> **Assigned task**: Produce a verbatim copy of the data below that contains no pictures.

--- Task material ---

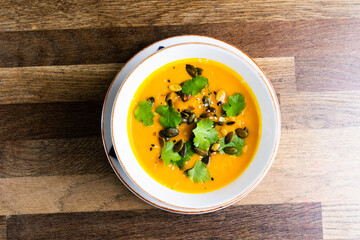 Pumpkin cream soup with parsley on gray stone and wooden background. Top view, copy space
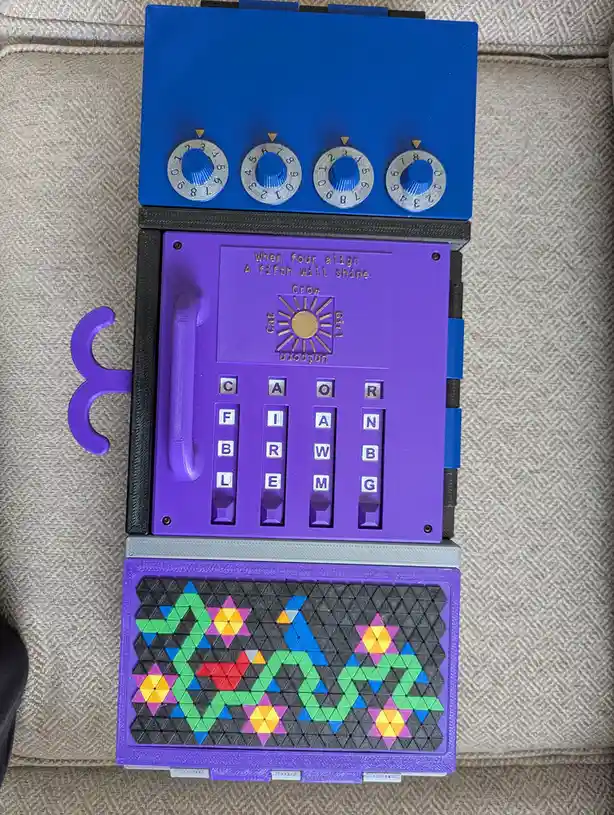 A custom 3D-printed puzzle device with a blue top panel featuring four numbered dials, a purple middle section with letter…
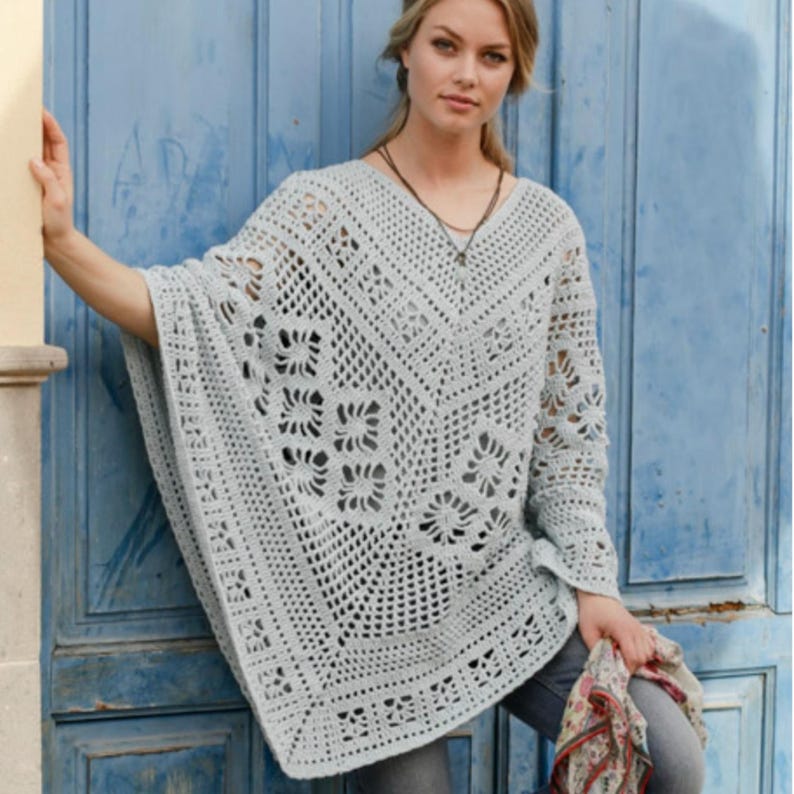 Op de afbeelding: Een lichtgrijze, open geweven gehaakte poncho met een V-hals. De poncho heeft een bloemenpatroon en lange mouwen. De vrouw draagt de poncho met een jeans en een ketting.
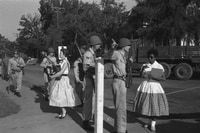 Image: Elizabeth Eckford, right, is turned away by Arkansas National Guardsmen as she approaches Little Rock Central High School on Sept. 4, 1957. The guardsmen were instructed by Gov. Orval Faubus (D) not to allow nine black students to enter the school, despite federal court orders.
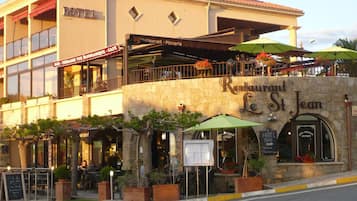 Un edificio de dos pisos con restaurante y bar en la planta baja y un hotel en el piso superior.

---

> **Exercise result**:
 Pumpkin cream soup with parsley on gray stone and wooden background. Top view, copy space
 A custom 3D-printed puzzle device with a blue top panel featuring four numbered dials, a purple middle section with letter…
 Op de afbeelding: Een lichtgrijze, open geweven gehaakte poncho met een V-hals. De poncho heeft een bloemenpatroon en lange mouwen. De vrouw draagt de poncho met een jeans en een ketting.
 Image: Elizabeth Eckford, right, is turned away by Arkansas National Guardsmen as she approaches Little Rock Central High School on Sept. 4, 1957. The guardsmen were instructed by Gov. Orval Faubus (D) not to allow nine black students to enter the school, despite federal court orders.
 Un edificio de dos pisos con restaurante y bar en la planta baja y un hotel en el piso superior.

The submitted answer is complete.